── DATASET RECORDS ──
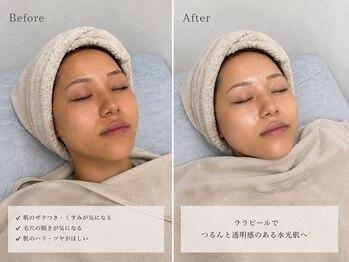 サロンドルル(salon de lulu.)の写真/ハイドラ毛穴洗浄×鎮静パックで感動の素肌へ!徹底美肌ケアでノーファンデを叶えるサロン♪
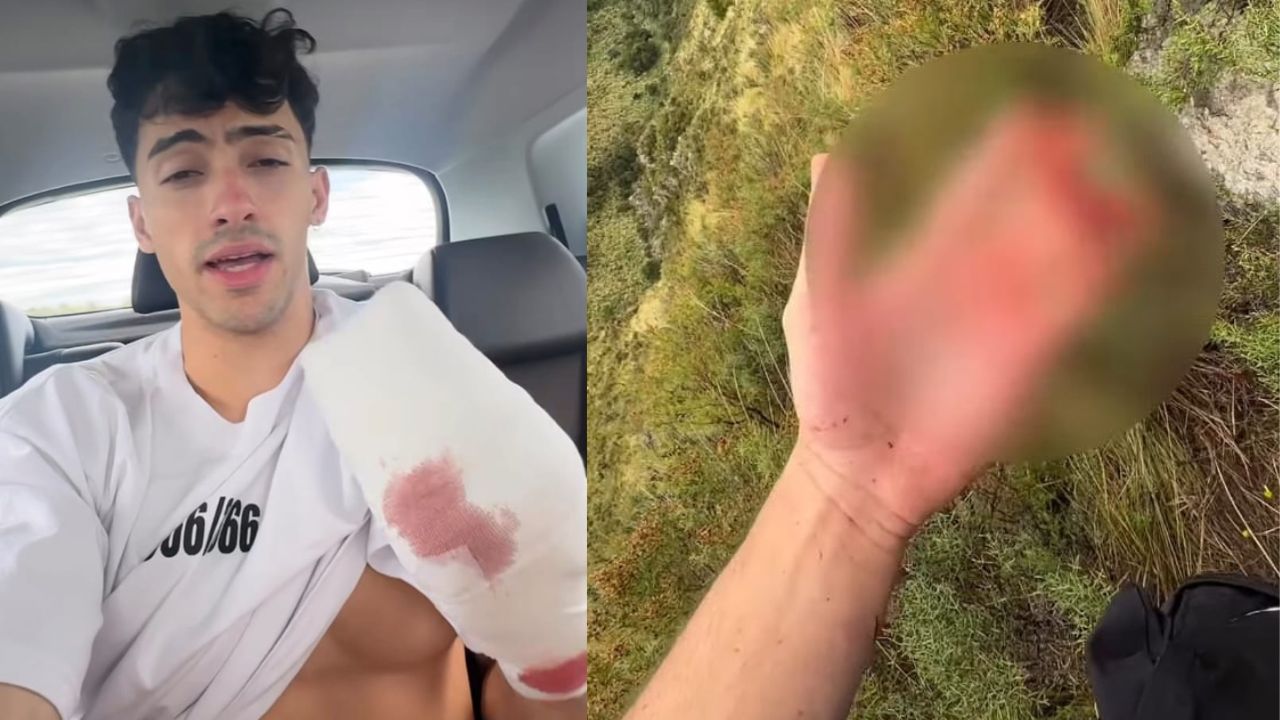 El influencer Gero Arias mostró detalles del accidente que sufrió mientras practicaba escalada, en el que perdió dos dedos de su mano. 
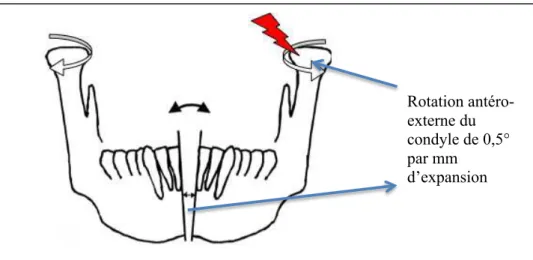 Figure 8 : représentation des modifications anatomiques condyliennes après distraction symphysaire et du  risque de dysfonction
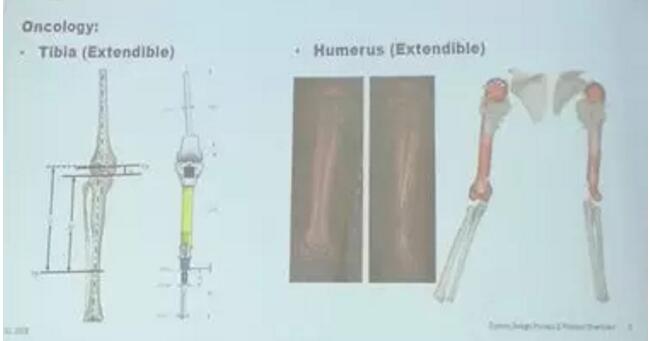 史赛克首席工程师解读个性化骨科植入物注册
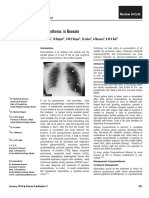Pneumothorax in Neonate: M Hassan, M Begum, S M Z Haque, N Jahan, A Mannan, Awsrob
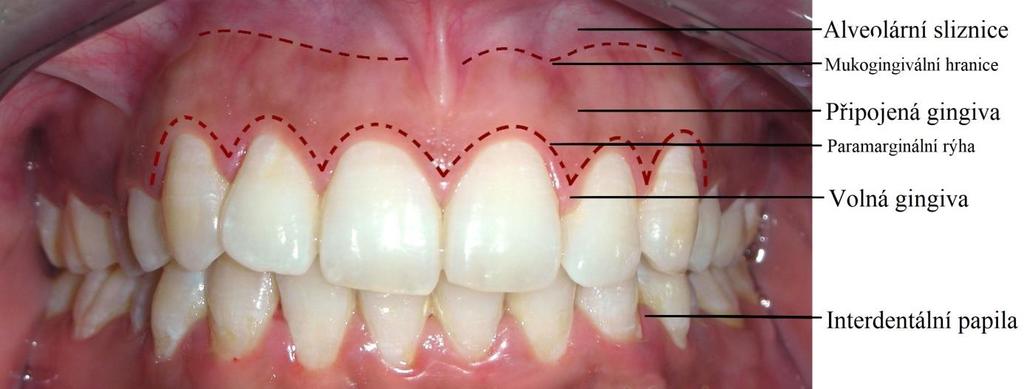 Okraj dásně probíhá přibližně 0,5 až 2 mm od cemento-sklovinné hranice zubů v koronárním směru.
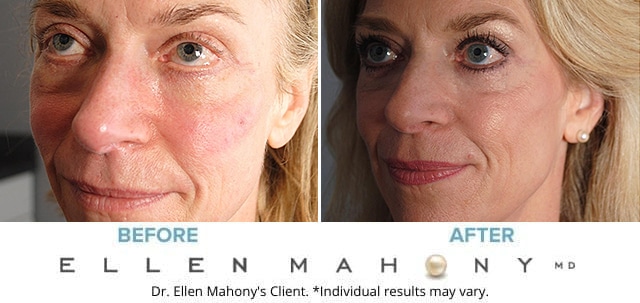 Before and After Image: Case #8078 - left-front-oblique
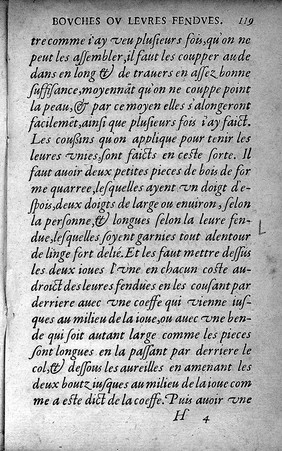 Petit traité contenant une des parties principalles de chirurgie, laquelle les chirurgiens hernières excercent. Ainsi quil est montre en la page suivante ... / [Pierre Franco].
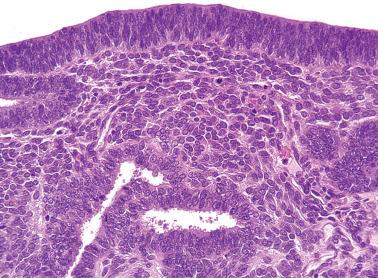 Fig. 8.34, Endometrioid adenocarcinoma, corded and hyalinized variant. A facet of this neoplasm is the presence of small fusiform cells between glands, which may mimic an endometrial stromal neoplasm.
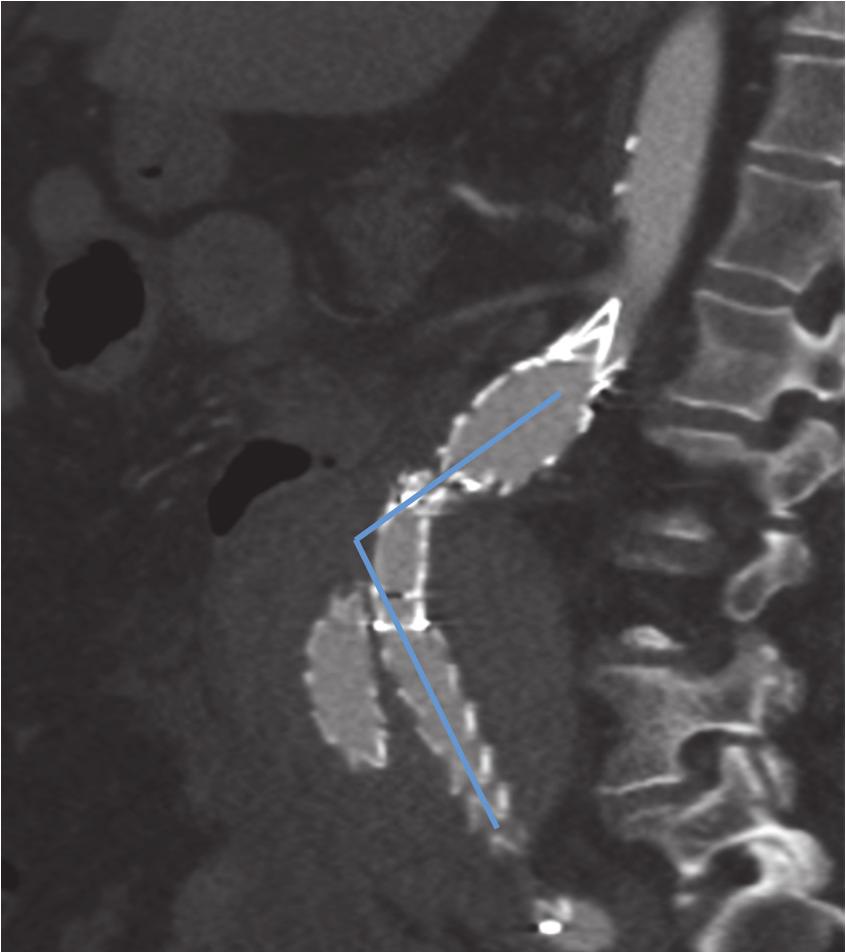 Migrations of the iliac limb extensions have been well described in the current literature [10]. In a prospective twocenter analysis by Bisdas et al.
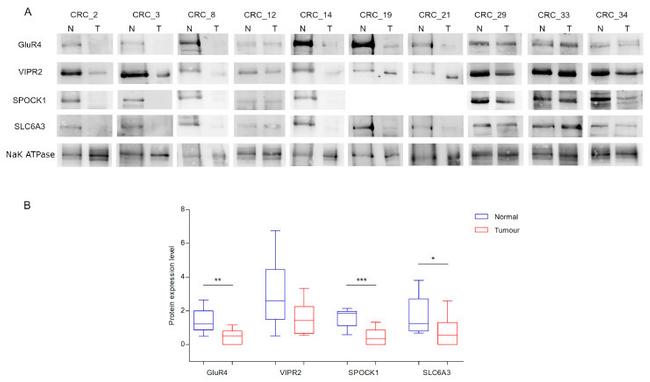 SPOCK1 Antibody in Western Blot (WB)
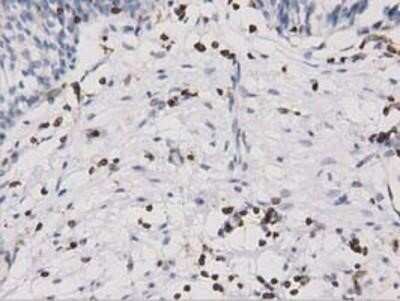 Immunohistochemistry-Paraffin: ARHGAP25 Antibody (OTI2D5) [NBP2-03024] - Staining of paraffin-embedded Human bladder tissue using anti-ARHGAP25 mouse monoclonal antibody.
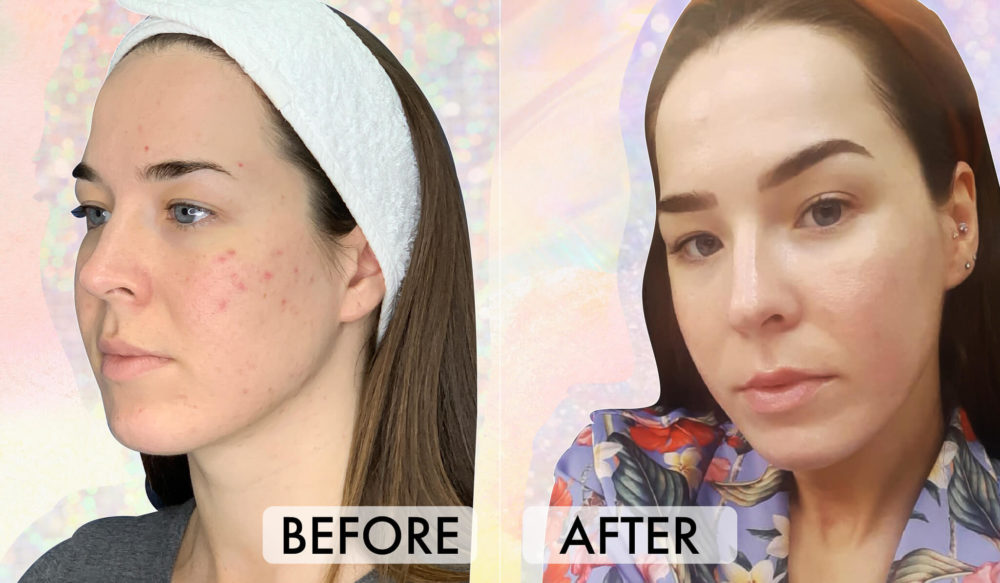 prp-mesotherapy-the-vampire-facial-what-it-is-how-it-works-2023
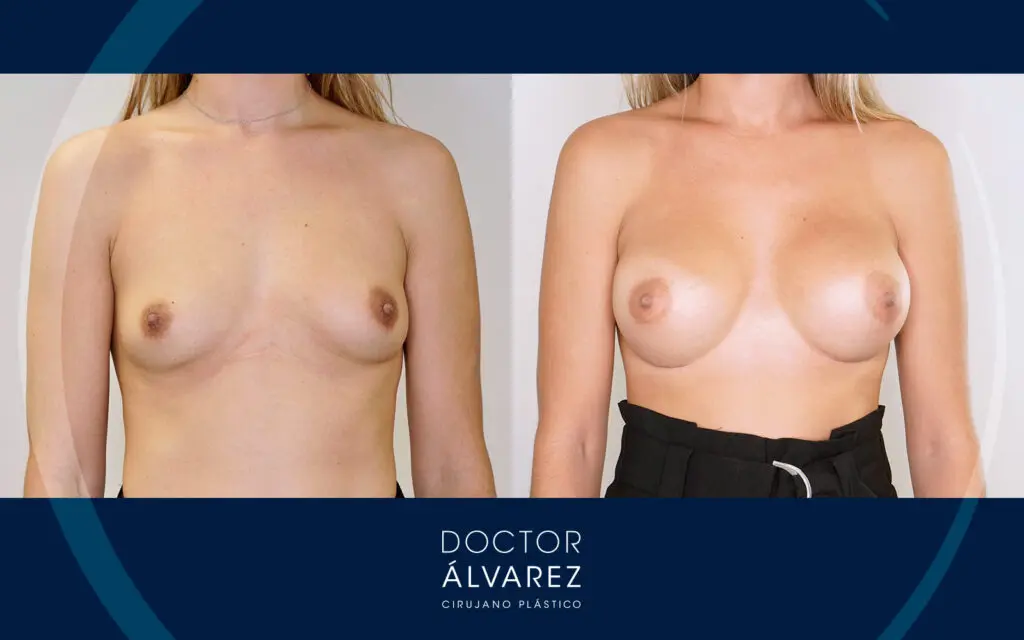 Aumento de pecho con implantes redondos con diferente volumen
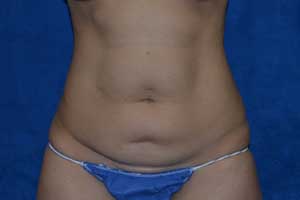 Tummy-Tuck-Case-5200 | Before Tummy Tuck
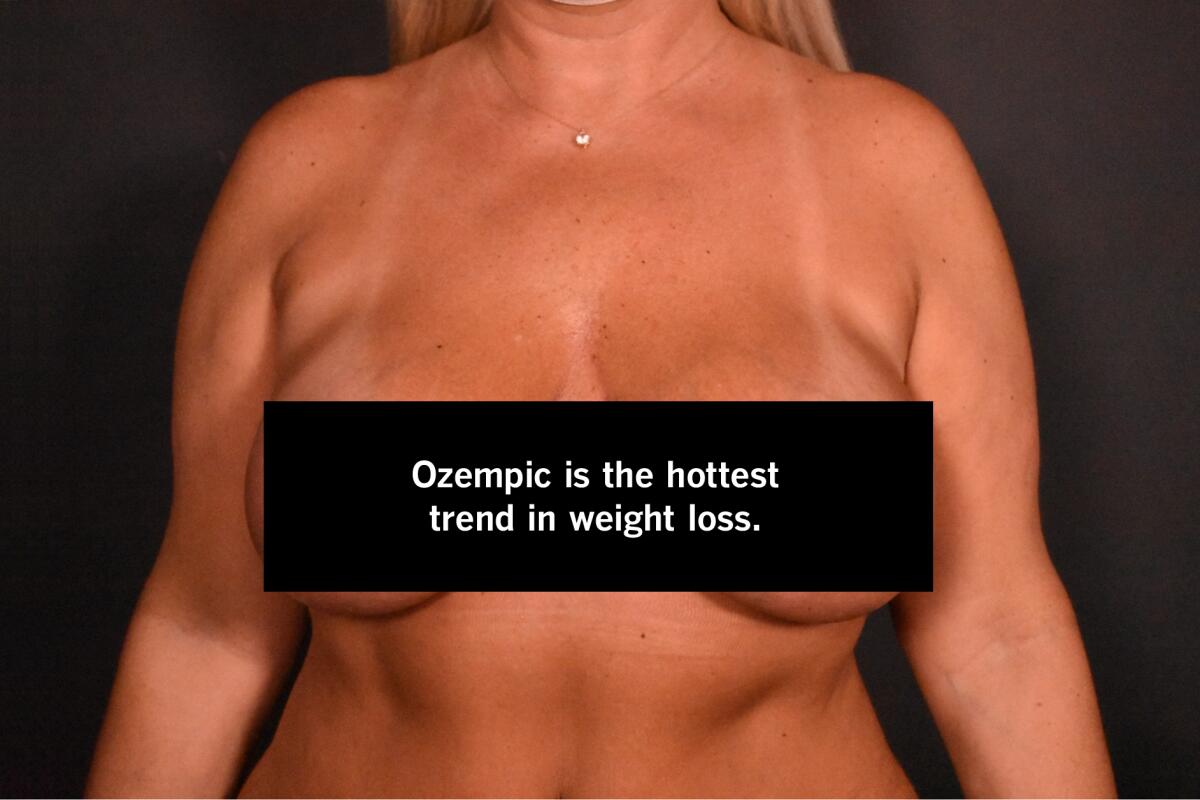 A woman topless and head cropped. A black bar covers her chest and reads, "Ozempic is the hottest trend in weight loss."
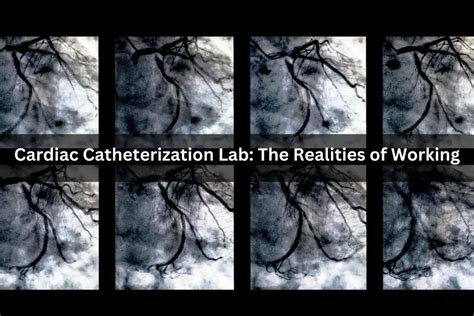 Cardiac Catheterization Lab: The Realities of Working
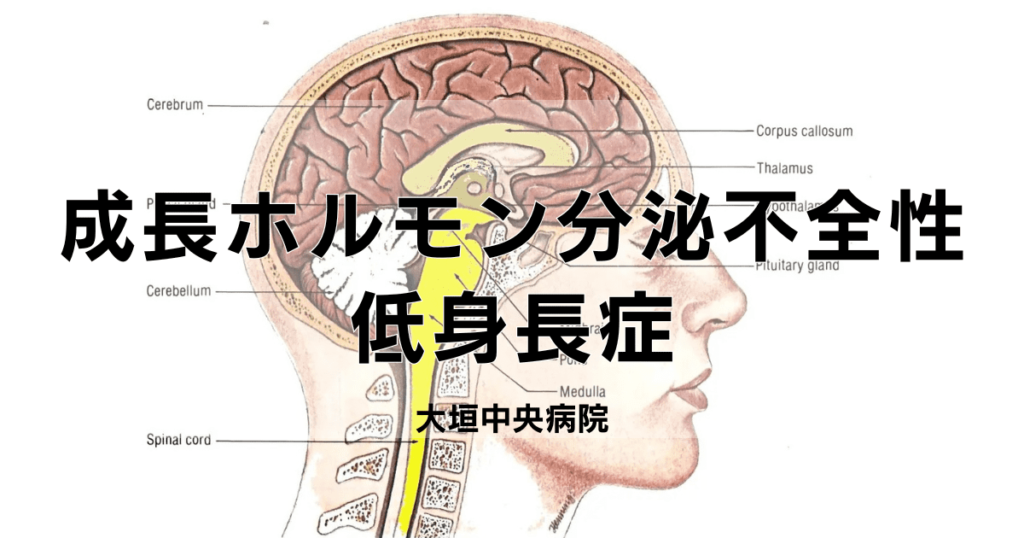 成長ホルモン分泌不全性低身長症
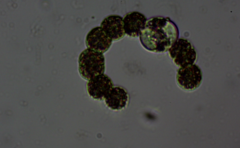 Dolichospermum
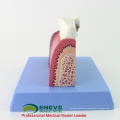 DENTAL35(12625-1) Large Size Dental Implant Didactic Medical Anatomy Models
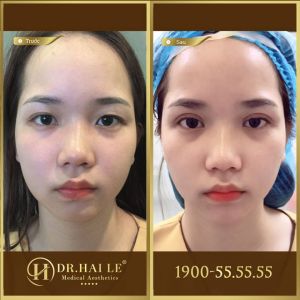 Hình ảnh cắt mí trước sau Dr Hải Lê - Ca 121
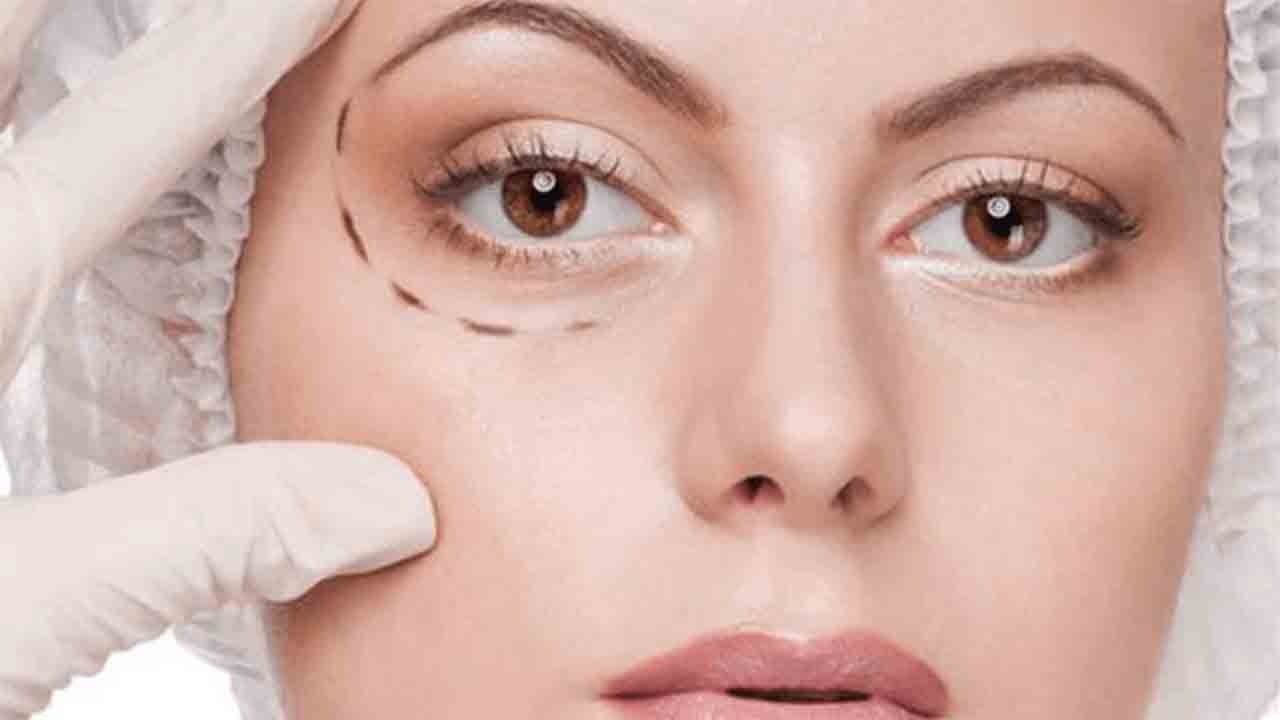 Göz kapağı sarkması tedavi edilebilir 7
───
WHAT TO DO:
Starting at the line containing "Pneumothorax in Neonate: M" and stopping at the line containing "Fig. 8.34, Endometrioid", output every line above exactly, both ends included, with pictures omitted.

RESULT BELOW:
Pneumothorax in Neonate: M Hassan, M Begum, S M Z Haque, N Jahan, A Mannan, Awsrob
 Okraj dásně probíhá přibližně 0,5 až 2 mm od cemento-sklovinné hranice zubů v koronárním směru.
 Before and After Image: Case #8078 - left-front-oblique
 Petit traité contenant une des parties principalles de chirurgie, laquelle les chirurgiens hernières excercent. Ainsi quil est montre en la page suivante ... / [Pierre Franco].
 Fig. 8.34, Endometrioid adenocarcinoma, corded and hyalinized variant. A facet of this neoplasm is the presence of small fusiform cells between glands, which may mimic an endometrial stromal neoplasm.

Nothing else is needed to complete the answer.